# [Problem description]
The records that follow are to be transcribed in full, without their images.

★ ★ ★

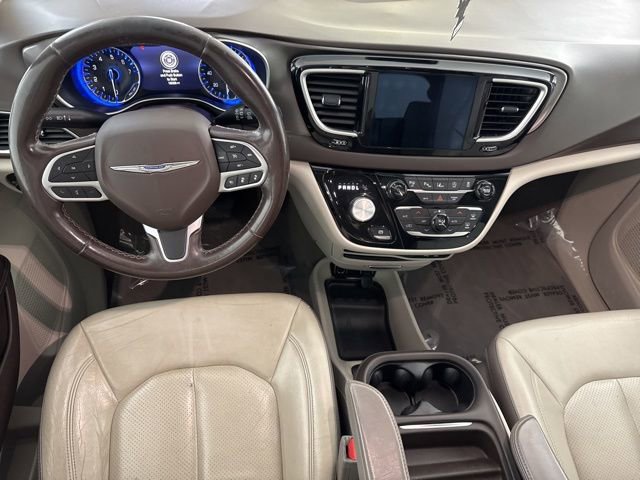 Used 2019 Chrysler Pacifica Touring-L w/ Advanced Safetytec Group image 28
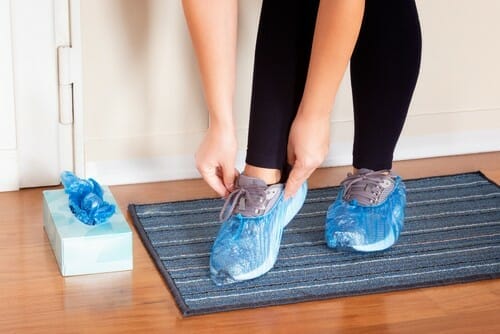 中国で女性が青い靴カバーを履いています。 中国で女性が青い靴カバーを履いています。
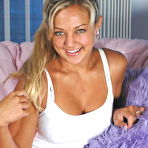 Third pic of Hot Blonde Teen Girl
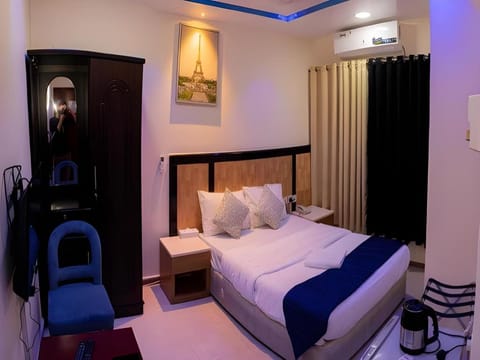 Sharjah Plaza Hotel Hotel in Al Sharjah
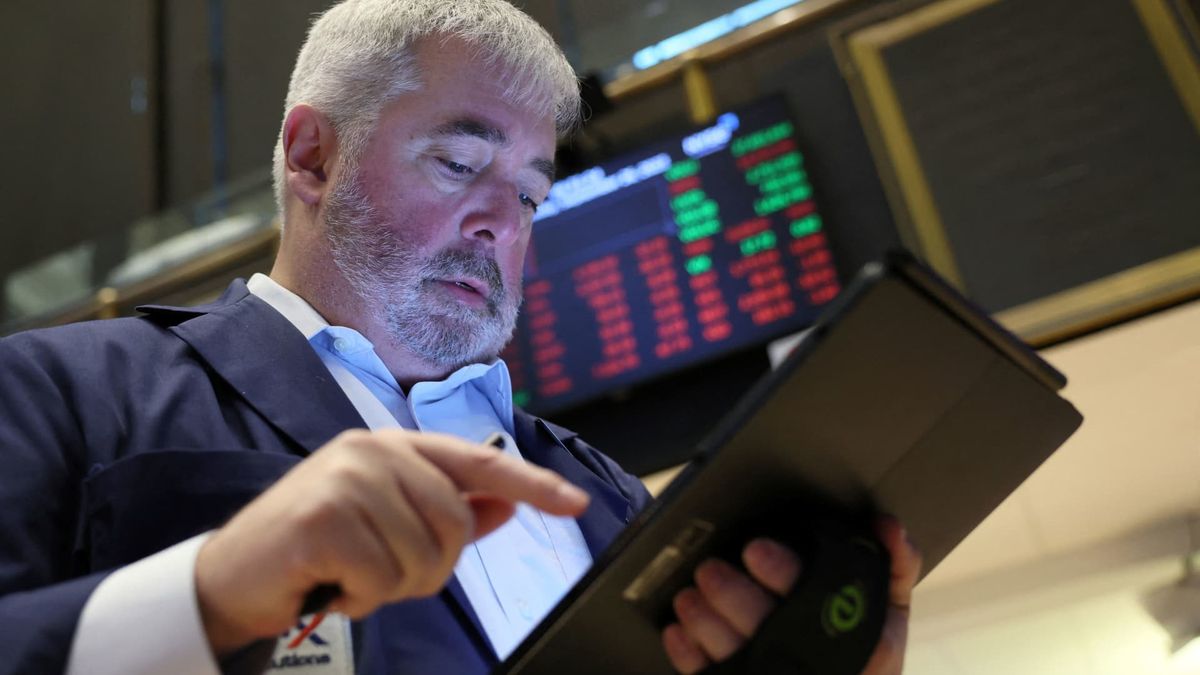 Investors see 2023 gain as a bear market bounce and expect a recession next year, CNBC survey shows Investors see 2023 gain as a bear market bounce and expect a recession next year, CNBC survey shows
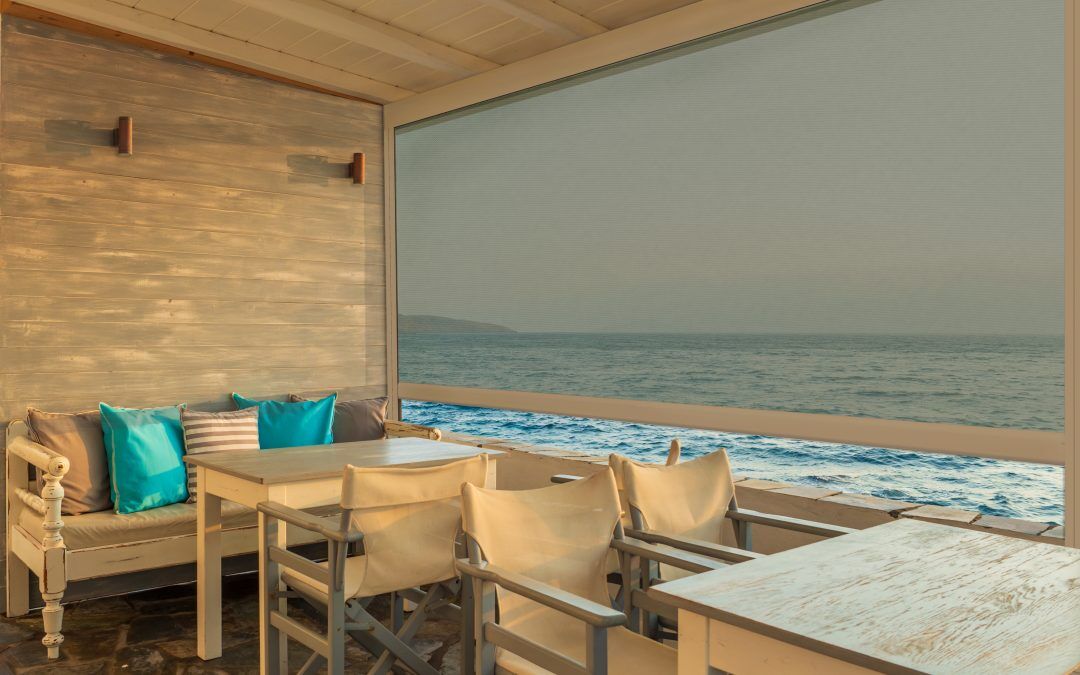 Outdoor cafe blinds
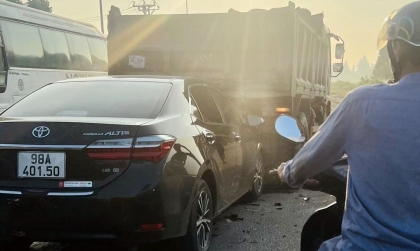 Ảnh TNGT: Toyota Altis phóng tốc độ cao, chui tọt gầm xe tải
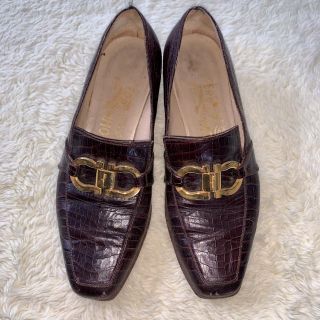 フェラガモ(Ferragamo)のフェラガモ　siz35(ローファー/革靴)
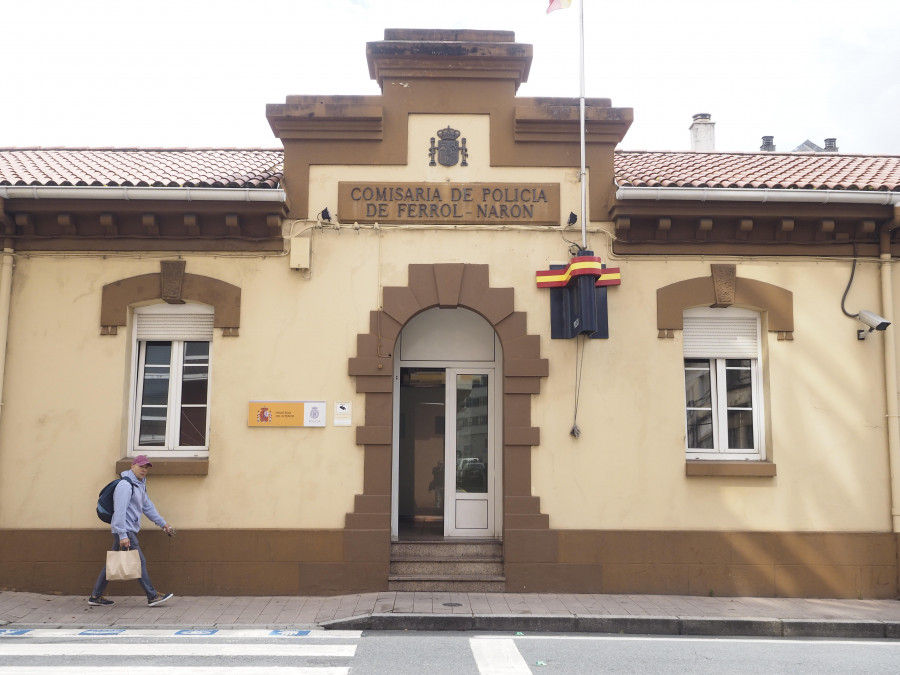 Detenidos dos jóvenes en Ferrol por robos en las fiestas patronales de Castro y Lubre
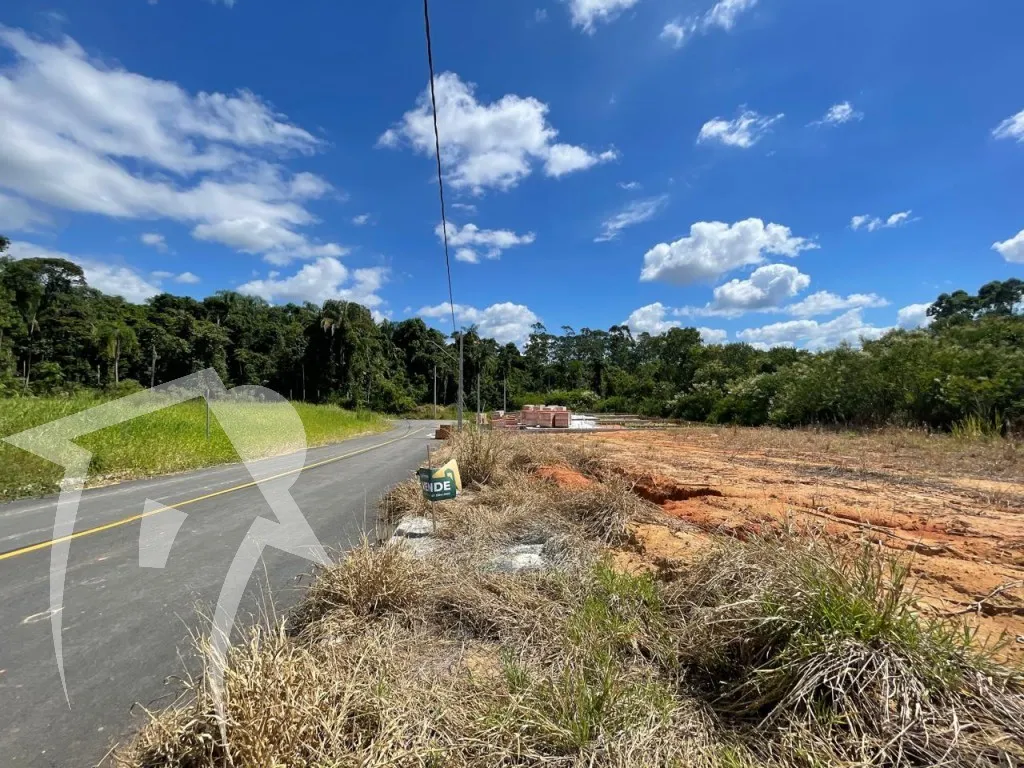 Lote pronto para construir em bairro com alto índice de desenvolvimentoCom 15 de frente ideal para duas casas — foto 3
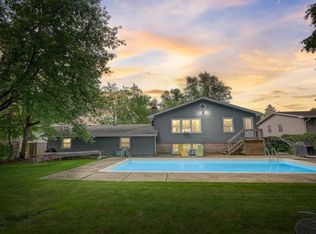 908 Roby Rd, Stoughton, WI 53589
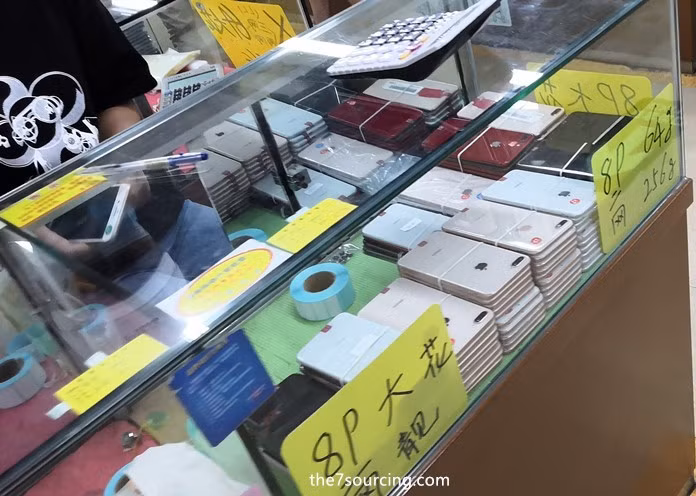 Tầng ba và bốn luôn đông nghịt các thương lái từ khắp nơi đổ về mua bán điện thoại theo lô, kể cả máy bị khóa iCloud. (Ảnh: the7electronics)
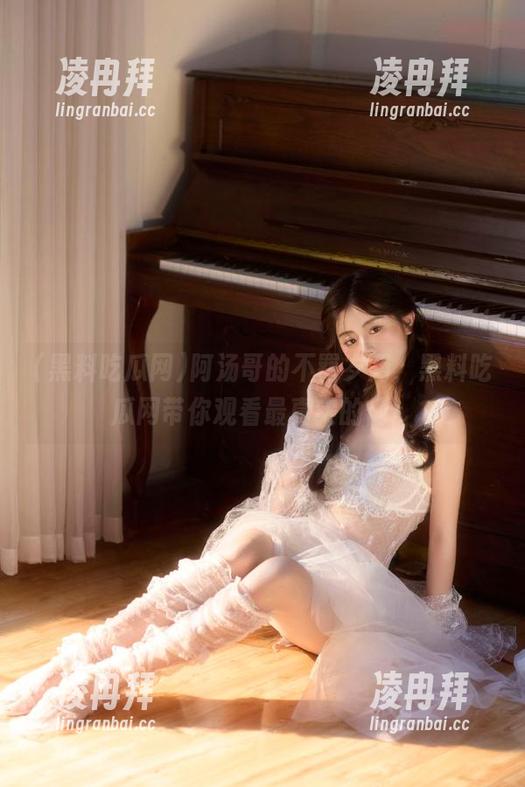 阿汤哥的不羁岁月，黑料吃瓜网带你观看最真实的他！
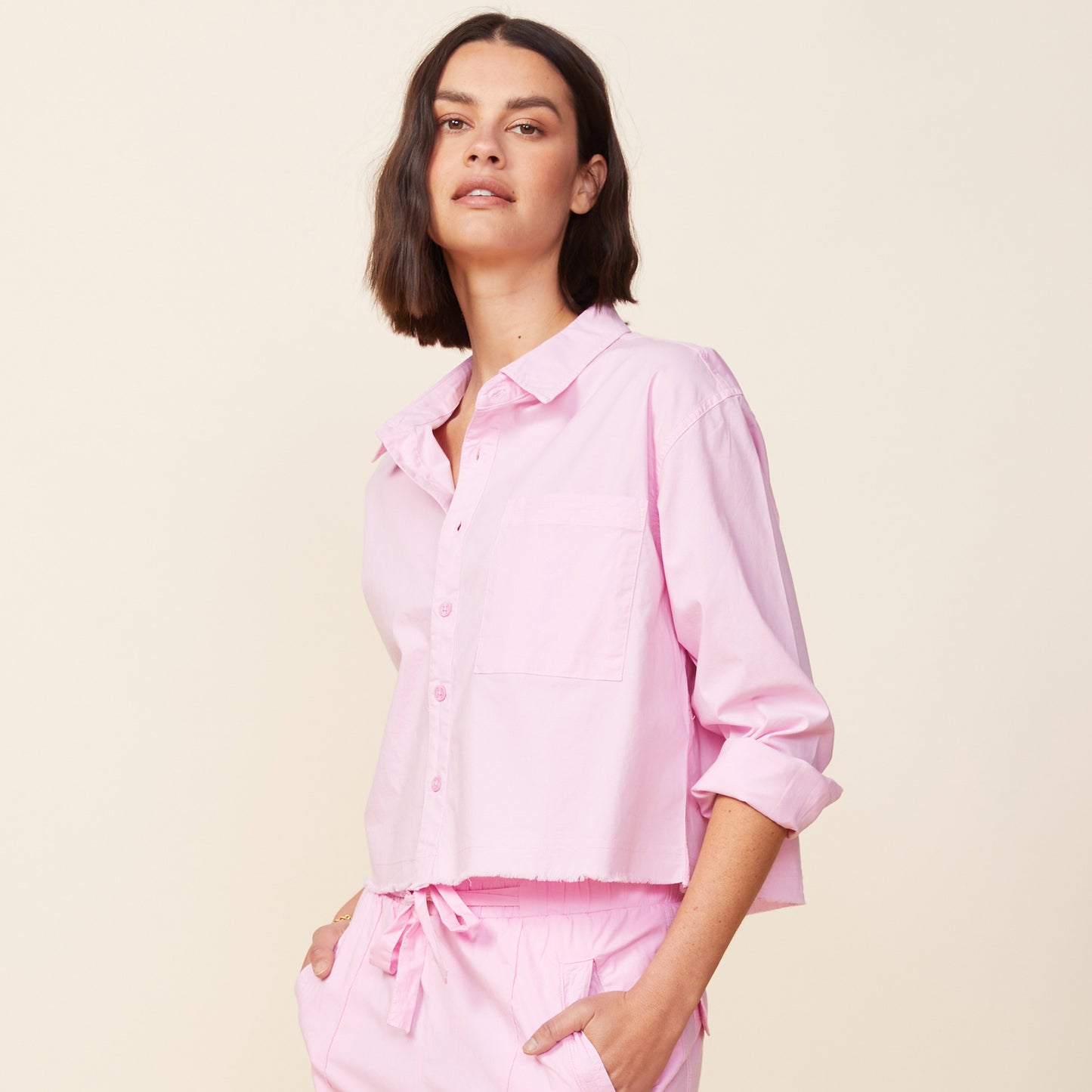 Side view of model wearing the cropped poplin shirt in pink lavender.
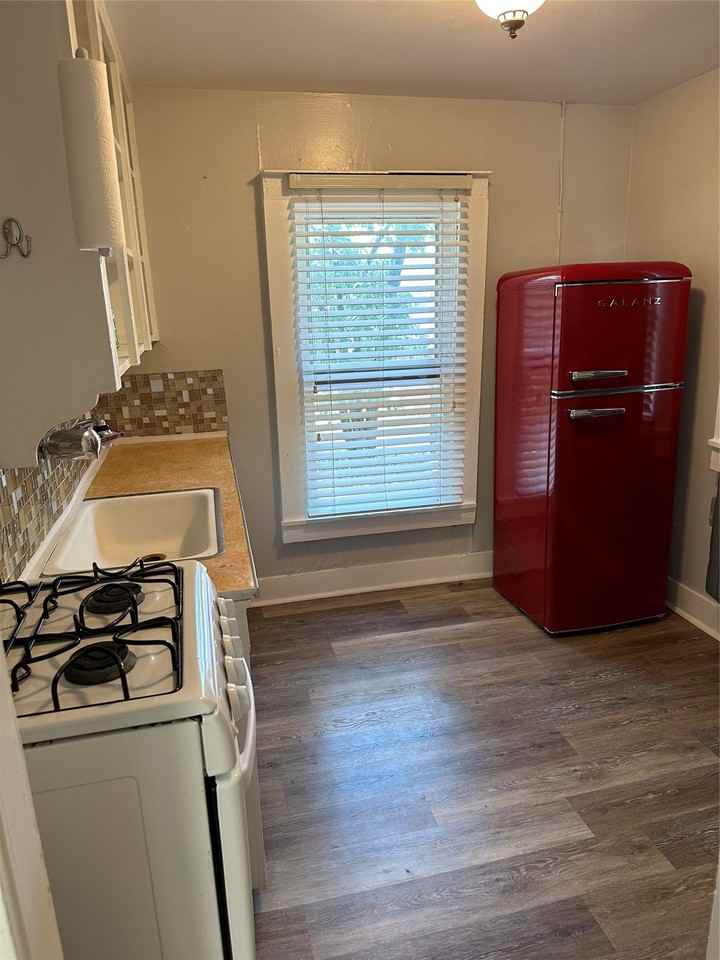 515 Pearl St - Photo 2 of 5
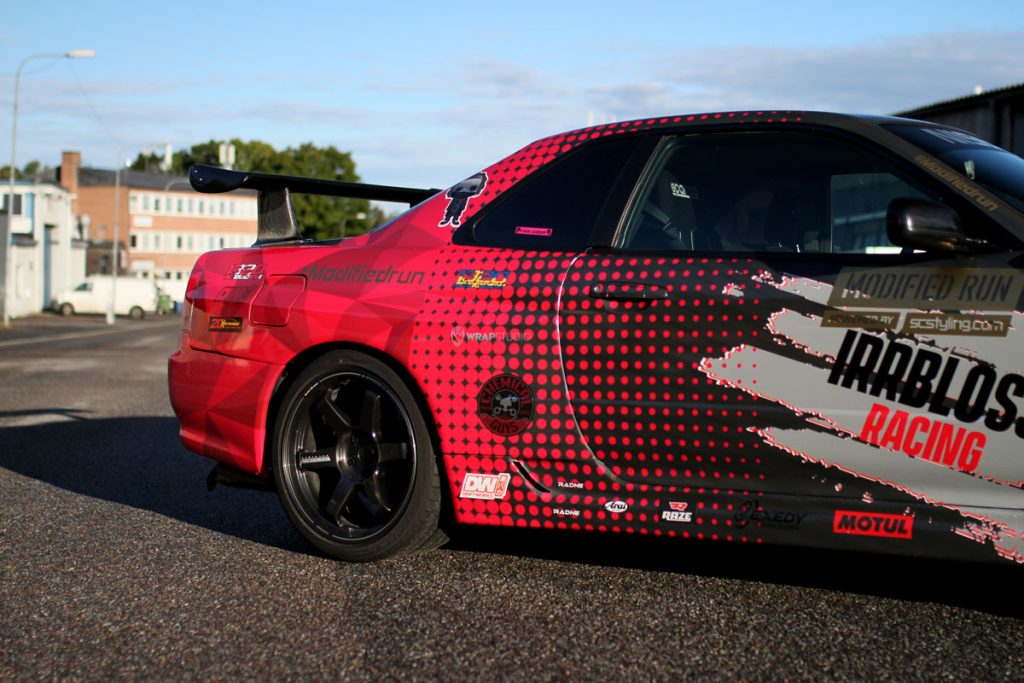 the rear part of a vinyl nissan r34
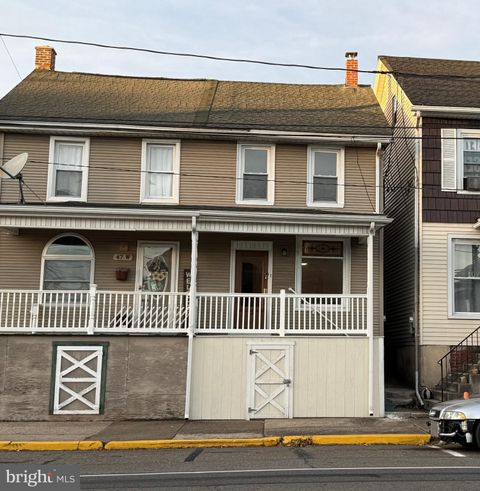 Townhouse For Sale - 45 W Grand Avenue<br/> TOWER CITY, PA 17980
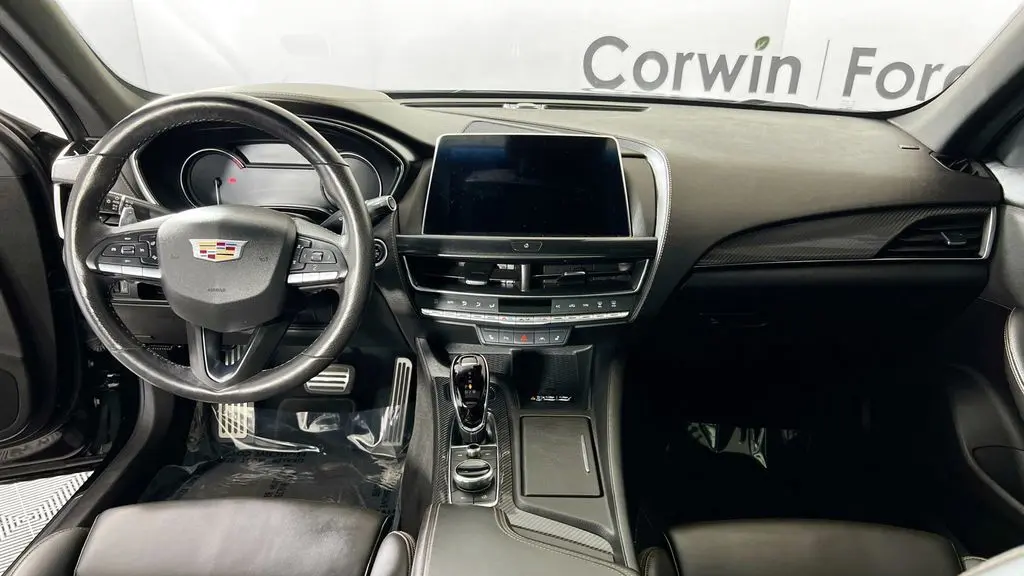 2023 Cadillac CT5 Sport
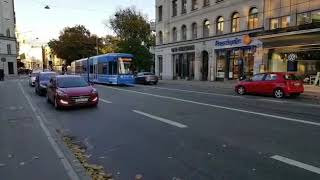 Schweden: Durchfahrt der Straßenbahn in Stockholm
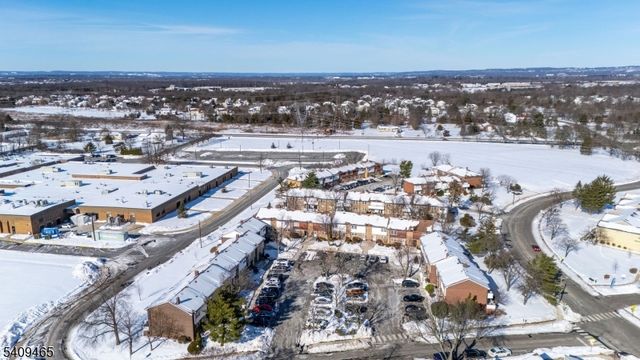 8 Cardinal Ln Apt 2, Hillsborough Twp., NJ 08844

★ ★ ★

# [Your solution]
 Used 2019 Chrysler Pacifica Touring-L w/ Advanced Safetytec Group image 28
 中国で女性が青い靴カバーを履いています。 中国で女性が青い靴カバーを履いています。
 Third pic of Hot Blonde Teen Girl
 Sharjah Plaza Hotel Hotel in Al Sharjah
 Investors see 2023 gain as a bear market bounce and expect a recession next year, CNBC survey shows Investors see 2023 gain as a bear market bounce and expect a recession next year, CNBC survey shows
 Outdoor cafe blinds
 Ảnh TNGT: Toyota Altis phóng tốc độ cao, chui tọt gầm xe tải
 フェラガモ(Ferragamo)のフェラガモ　siz35(ローファー/革靴)
 Detenidos dos jóvenes en Ferrol por robos en las fiestas patronales de Castro y Lubre
 Lote pronto para construir em bairro com alto índice de desenvolvimentoCom 15 de frente ideal para duas casas — foto 3
 908 Roby Rd, Stoughton, WI 53589
 Tầng ba và bốn luôn đông nghịt các thương lái từ khắp nơi đổ về mua bán điện thoại theo lô, kể cả máy bị khóa iCloud. (Ảnh: the7electronics)
 阿汤哥的不羁岁月，黑料吃瓜网带你观看最真实的他！
 Side view of model wearing the cropped poplin shirt in pink lavender.
 515 Pearl St - Photo 2 of 5
 the rear part of a vinyl nissan r34
 Townhouse For Sale - 45 W Grand Avenue<br/> TOWER CITY, PA 17980
 2023 Cadillac CT5 Sport
 Schweden: Durchfahrt der Straßenbahn in Stockholm
 8 Cardinal Ln Apt 2, Hillsborough Twp., NJ 08844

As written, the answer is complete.